### REQUIREMENT
Would you please copy only the lines from the line that contains "Waliantile Indestructible Safety" to the end of the data below, exactly, leaving every picture out?

** DATA FOR THIS EXERCISE follows **

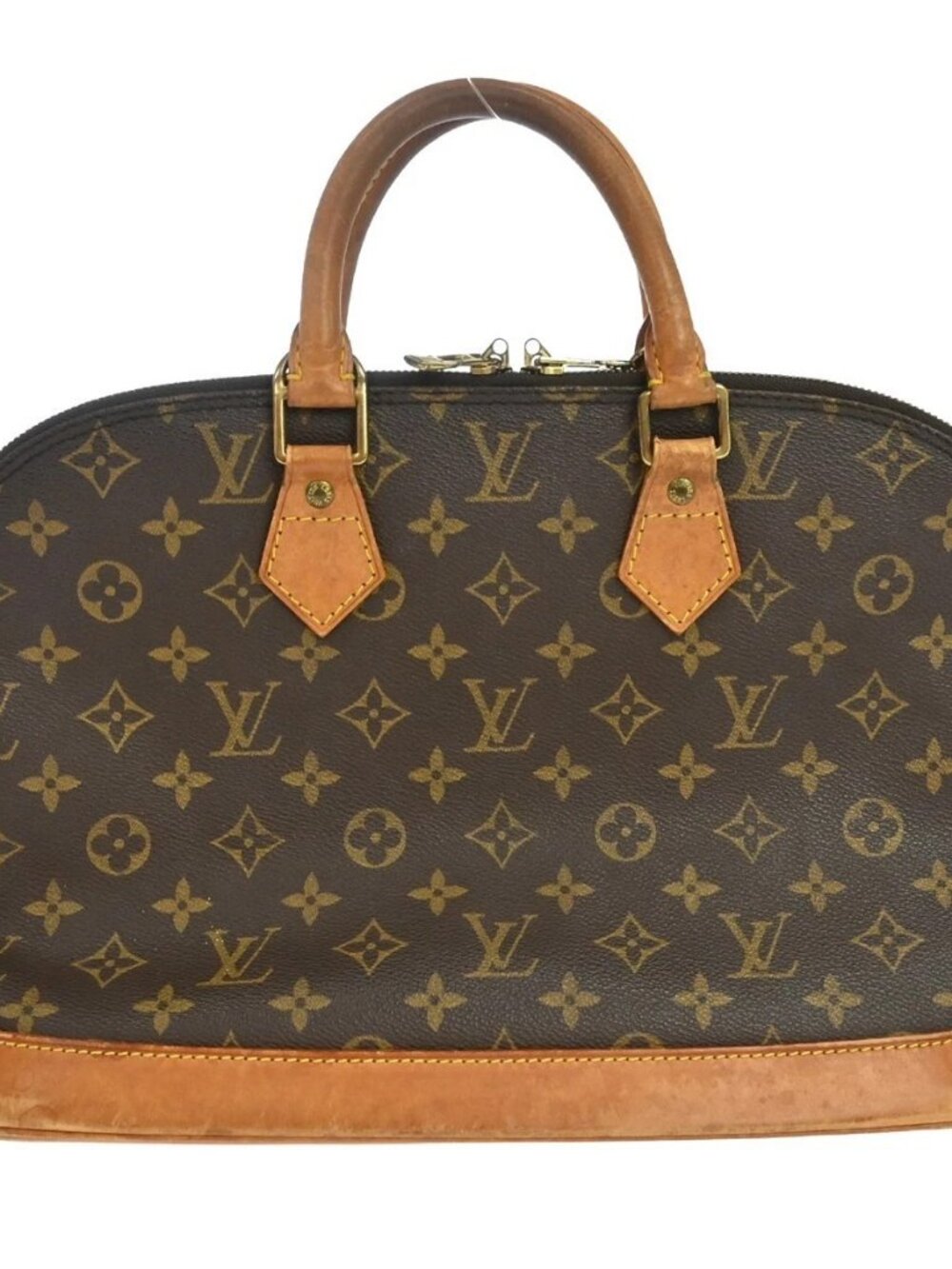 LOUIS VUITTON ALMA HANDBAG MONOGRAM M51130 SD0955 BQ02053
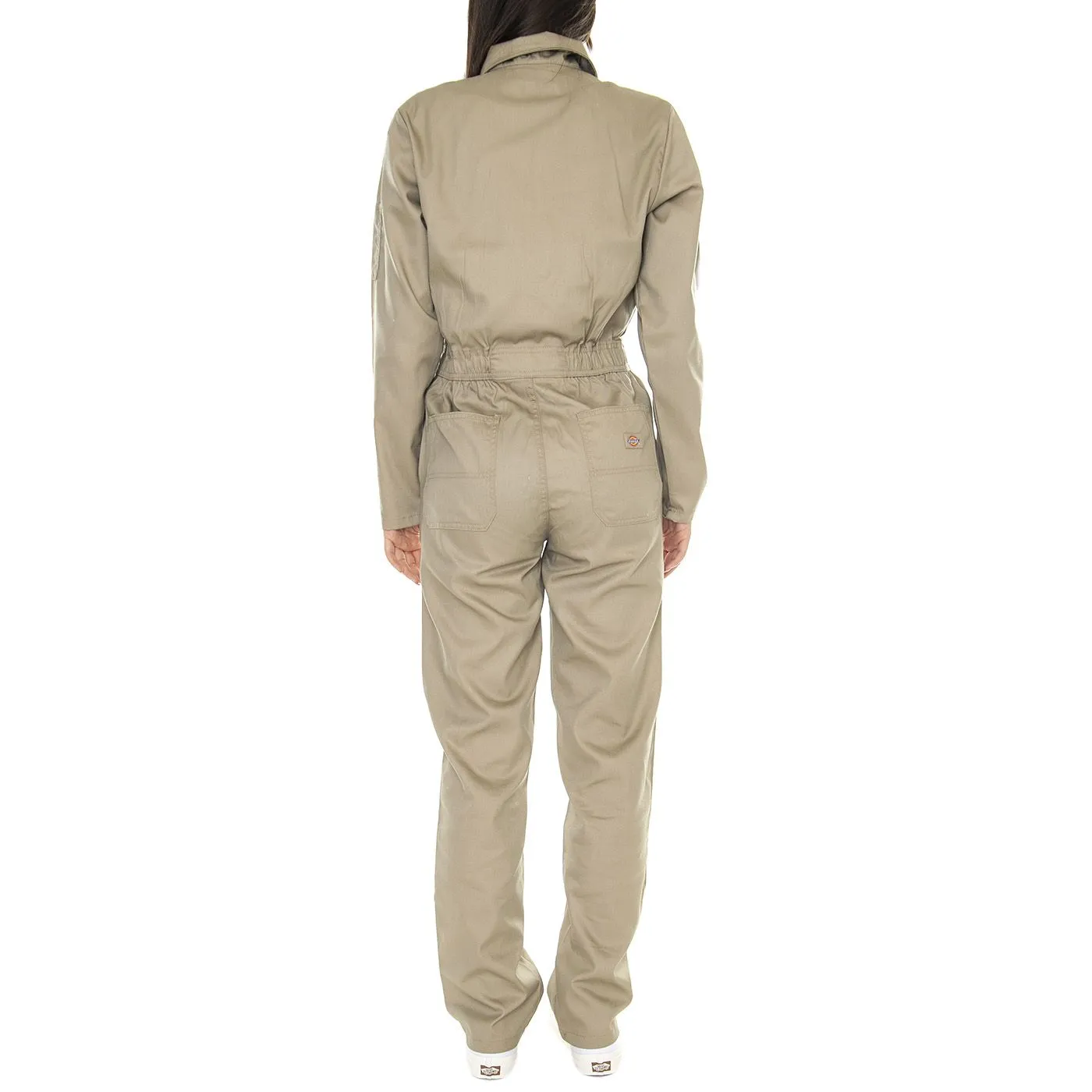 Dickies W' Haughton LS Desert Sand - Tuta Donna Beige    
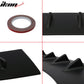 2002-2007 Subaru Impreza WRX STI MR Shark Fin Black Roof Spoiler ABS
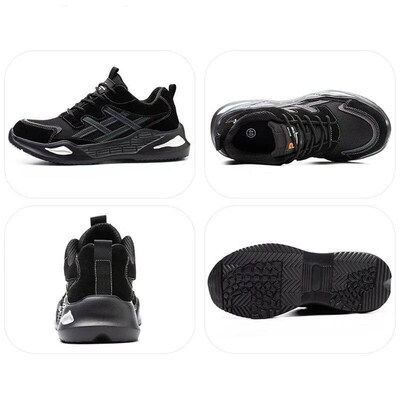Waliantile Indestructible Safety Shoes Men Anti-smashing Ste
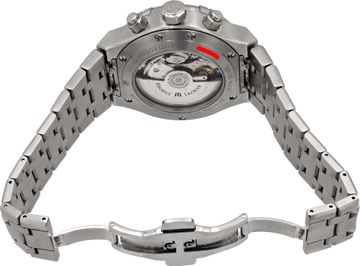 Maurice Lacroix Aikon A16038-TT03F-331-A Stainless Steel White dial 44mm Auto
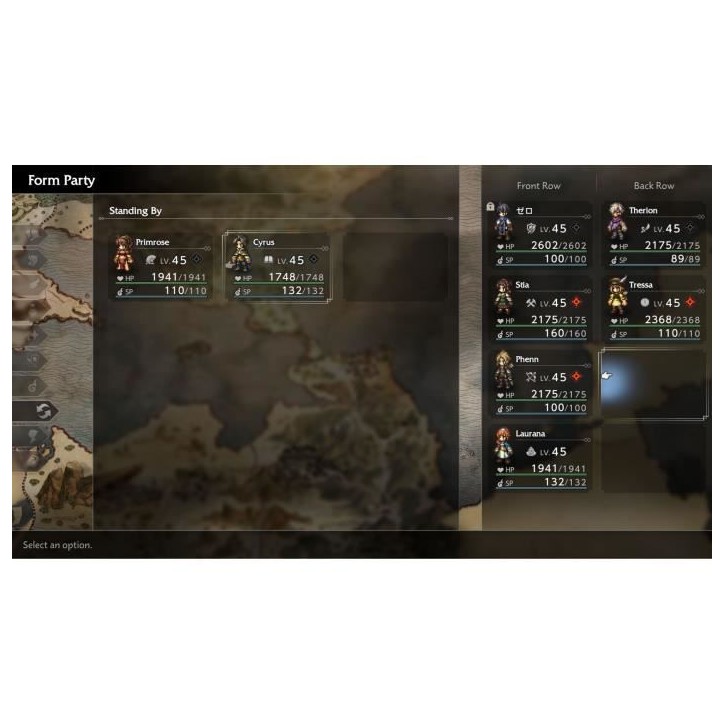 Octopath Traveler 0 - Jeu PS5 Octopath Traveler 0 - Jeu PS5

** End of DATA FOR THIS EXERCISE **

### RESULT BELOW
Waliantile Indestructible Safety Shoes Men Anti-smashing Ste
 Maurice Lacroix Aikon A16038-TT03F-331-A Stainless Steel White dial 44mm Auto
 Octopath Traveler 0 - Jeu PS5 Octopath Traveler 0 - Jeu PS5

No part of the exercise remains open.